The Marlins’ approach to building a championship team is instructive, I think, because it shows the importance of preparing for the future and performing well in a number of different areas. As growth spreads through the economy, a sequence of additional positive events becomes increasingly likely. Among those is employment. Job destruction should ease, and job creation should intensify. The unemployment rate, now 6.1 percent, should begin to fall. What’s happening in our economy now? Let’s grab a clipboard and consider a range of factors.

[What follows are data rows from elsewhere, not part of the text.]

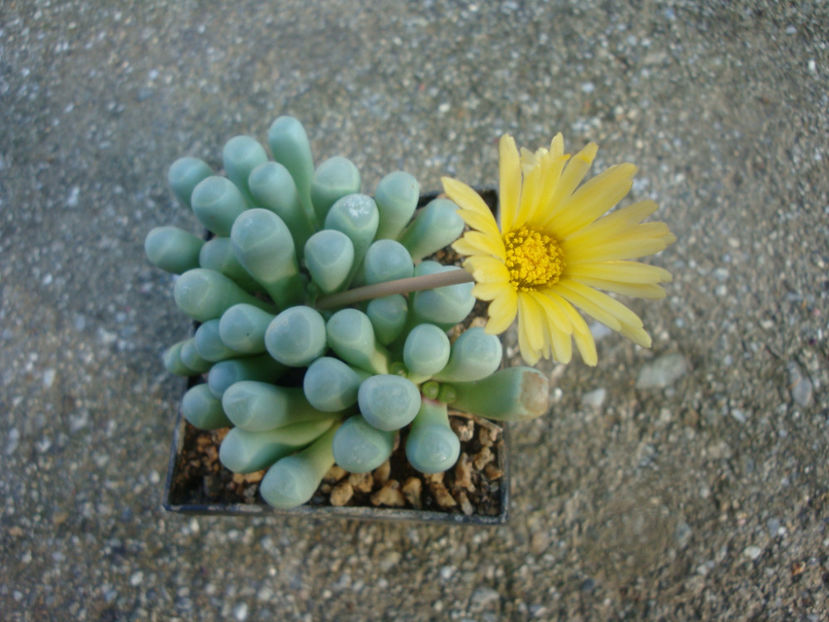 Fenestraria rhopalophylla subsp. aurantiaca (N.E.Br.) H.E.K.Hartmann 1982. - Genul Fenestraria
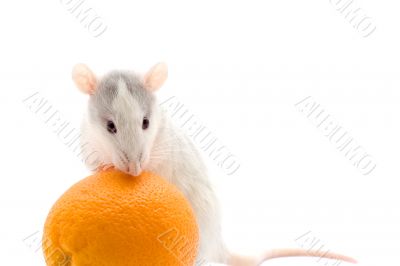 Rat with an orange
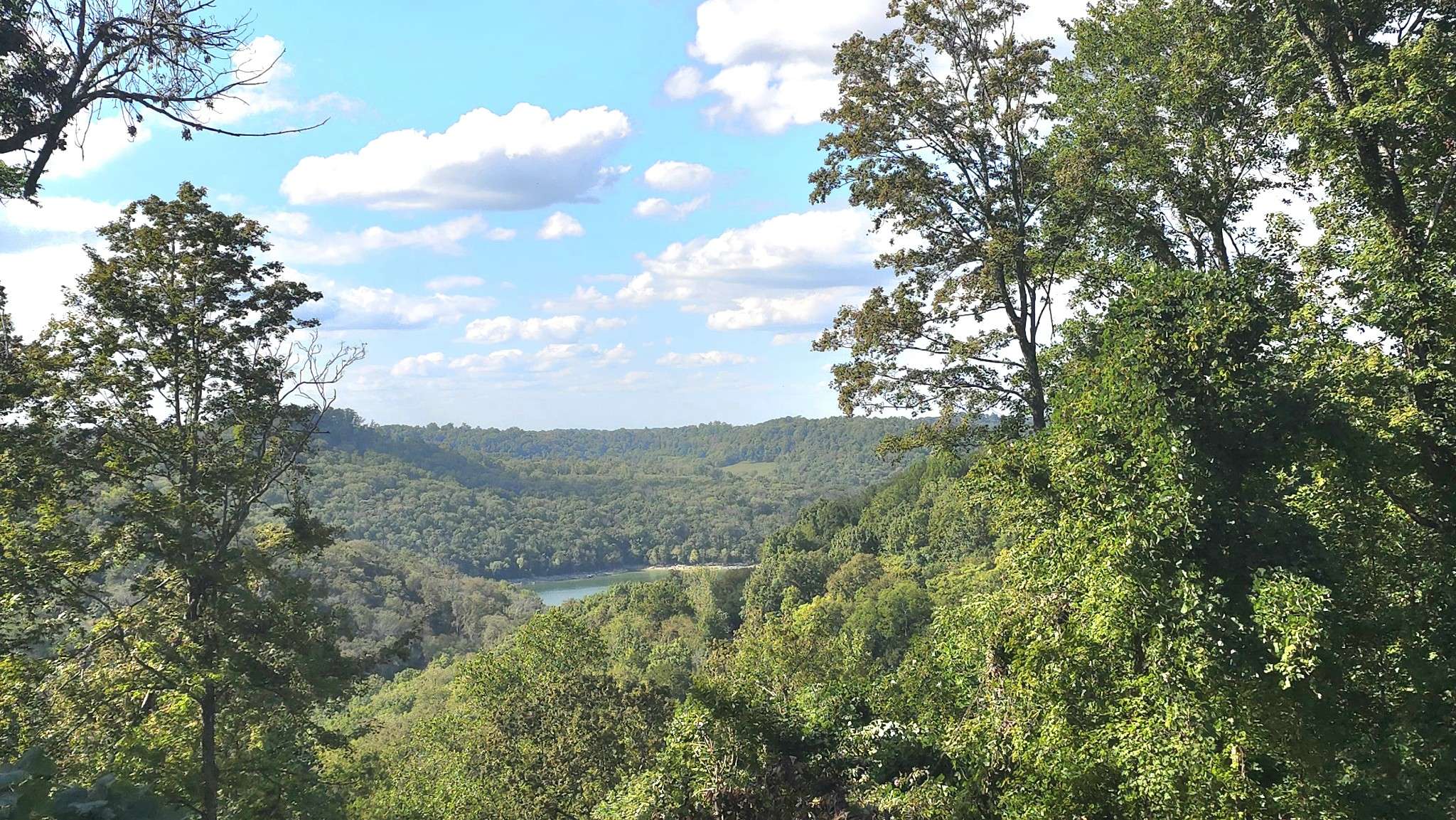 Smithville, TN 37166,0 Lola Dr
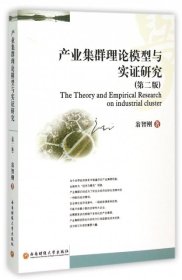 正版书产业集群理论模型与实证研究第二版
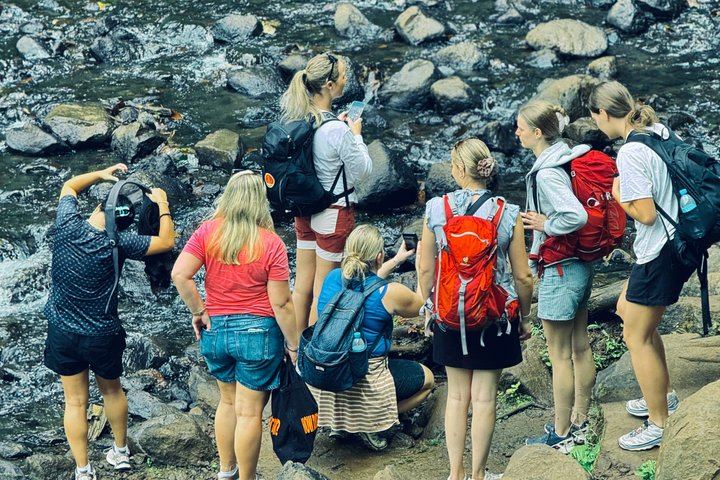 Nature Whisper Materuni Waterfalls Hike and Organic Coffee Half-Day Tour (7/12)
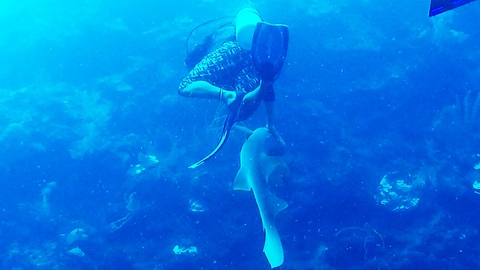 Friendly shark approaches diver, gets pat on the head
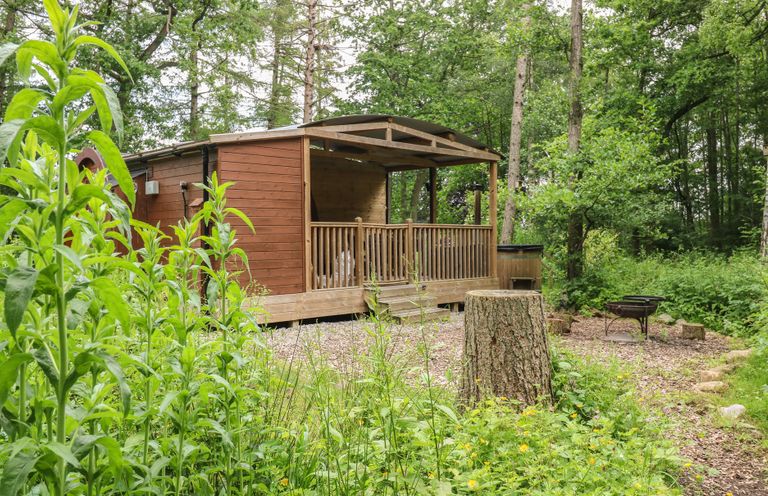 A cabin with a deck and fire pit surrounded by trees at The Leveret in Eppleby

Consumers continue their heavy hitting
I’ll start with consumer spending, which accounts for about 70 percent of GDP. For the past three years, consumers have done the heavy hitting for the economy. You’ll recall growth in the broad economy began to falter in late 2000, just before the declared start of the recession in the first quarter of 2001. Companies retrenched and the stock market plummeted. But, in a very uncharacteristic pattern, consumer spending, on a quarterly basis, didn’t contract during the recession. And in the third quarter this year, consumer spending grew at a whopping 6.6 percent. For the household side of the ledger, it has been “let the good times roll,” or “laissez les bon temps rouler,” as folks say in Cajun country.
Consumer spending at last quarter’s torrid pace is unusual and unlikely to continue. Certainly, the tax cuts and cash-outs from mortgage refinancing during the extremely low mortgage rates this summer added a kick to spendable income. Some of this strong spending was leveraged, but we do not appear to be in the danger zone when it comes to debt. As a percentage of income, household debt payments for obligations such as autos, credit cards and mortgages have actually fallen a bit since they rose to peak levels in 2001. Many families have managed to keep spending with the help of very low interest rates. At the Federal Open Market Committee meeting two weeks ago, we left the overnight funds rate at 1 percent, with inflation remaining in check and consumer prices rising at an annualized rate of 1.2 percent.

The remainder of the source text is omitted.